This free original story has been brought to you by my newest top-level sponsor on Patreon, Margaret Weiss. Inspired by Poe’s classic, “The Gold Bug,” this story is set on Sullivan’s Island, SC, where my husband grew up, and where I’m pictured, above, in front of the enormous live oak known locally as the Gold Bug Tree.
Secret writing is as old as writing itself. I remember Craig telling me that when we were kids—that writing itself was a secret from most people for a long time. He was smart like that. Brilliant, really. Knew three languages in third grade. Obsessed with cryptography. Pretty much a total nerd, which was why he’d had nothing better to do at thirteen than to hang out with me, a neighborhood kid three years his junior. I hadn’t seen him since—what? freshman year? He’d gone to a different school after his parents divorced. And now here he was on my folks’ front porch.
“Hey, Craig,” I said, feeling awkward, “long time no see.” I knew he wasn’t back home for Christmas, the way I was. Craig was home because his dad had died.
“Hey, man,” he said, but that was pretty much all I could make out, as what followed was a slurred string of syllables that bore little resemblance to any language at all. His breath could have dropped flies in midair; apparently, he’d been mourning the old man’s passage the night before at Dunleavy’s.
I cleared my throat. “Sorry to hear about your dad.”
He shook his head. “Thadswhaddagetformeenafuckinshiheadformalife, you know?”
“Yeah,” I said, “totally. So, I hear you’ve been traveling.”

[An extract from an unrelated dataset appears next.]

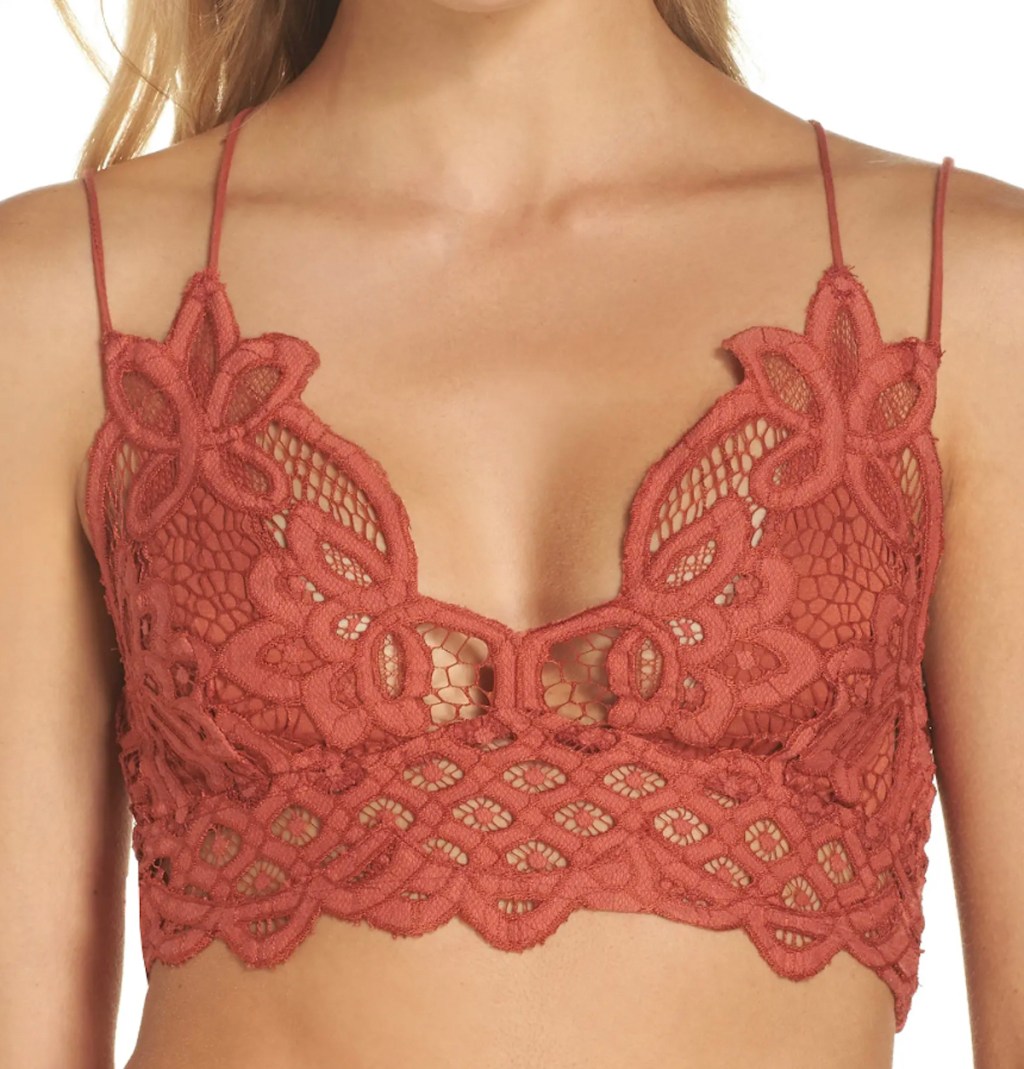 stock photo of woman wearing burnt orange lace bralette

From what my mom had told me, Craig hadn’t been back in North America since his high school graduation, and for the past few years he’d been living on the beach in Costa Rica.

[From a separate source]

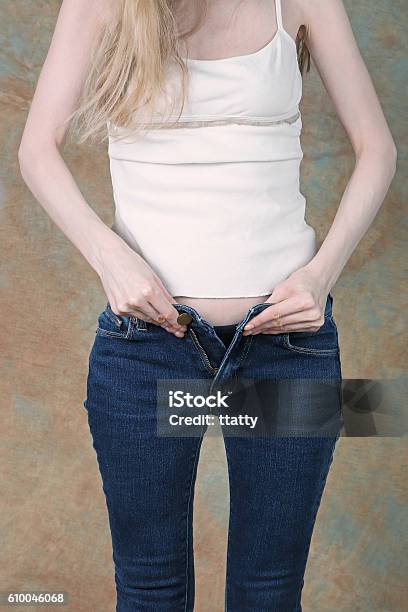 Zipping Up Tight Jeans Stock Photo - Download Image Now - Narrow, Women, Adult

“Ohyear,” he said, and proceeded to launch into an explanation, or anecdote, or a tirade. Really, it could have been anything.
Those golden brown curls my mother had loved had gone frizzy and wild, and male pattern baldness had claimed new territory for his forehead. He was sweating profusely, though it couldn’t have been more than sixty degrees out, and his eyes were bloodshot. I found myself wondering if Craig had been bit by some sort of bug down there in the tropics—wondering if, even as he spoke, some spirochete was making Swiss cheese of his brain.
“Oh yeah?” I said. “You don’t say.”
He shook his head. “Degumbochi,” he said. “Member?”
“Yeah, you always did like my mom’s gumbo,” I said. My friends from New York would have told Craig he wasn’t making any sense, and moreover, he looked like shit. Me, I just smiled, hoping whatever he had was not contagious.
“No,” he said emphatically, “degumbochi.” He rubbed his eyes. “Cheezuschristcomin.”
Hell, I thought, did Craig get religion? It seemed unlikely, considering the way he had delighted in torturing Bethany Baker (“And on the seventh day, God buried fossilized dinosaur bones”). But I knew Craig had done a lot of drugs in high school, and maybe, if he’d been trying to get clean?
“Kay,” he said, apparently trying a different tactic. “Member…” and then shot off a long string of gobbledygook. I leaned closer, trying to find a foothold in this mountain of nonsense, nearly lightheaded from holding my breath.
“Decassacookout,” he said. “Wheredecassacookout?”
I cleared my throat. “Yeah,” I said, “I guess we did go to a cook out that one time, with the fire department.”
“No!” Craig’s eyes were fairly bugging out of his head. “Wheredessaplaceweedacaddacassacookout?”
I studied him. “Where is the place?”
“Called the castle lookout?”
“Oh,” I said, “I think that’s what we used to call the top of Fort Moultrie.”
He slapped his big sweaty forehead and stepped foot down the steps. “Comin,” he said, lifting a hand. And then, from the gate: “Cominman!”
It’s not as if I wanted to follow him, but my old friend was clearly in a bad way. He was only twenty-five, and his dad had just died. Also, it was ten a.m. on a Sunday, and my folks were still at church; it wasn’t like I had anything better to do.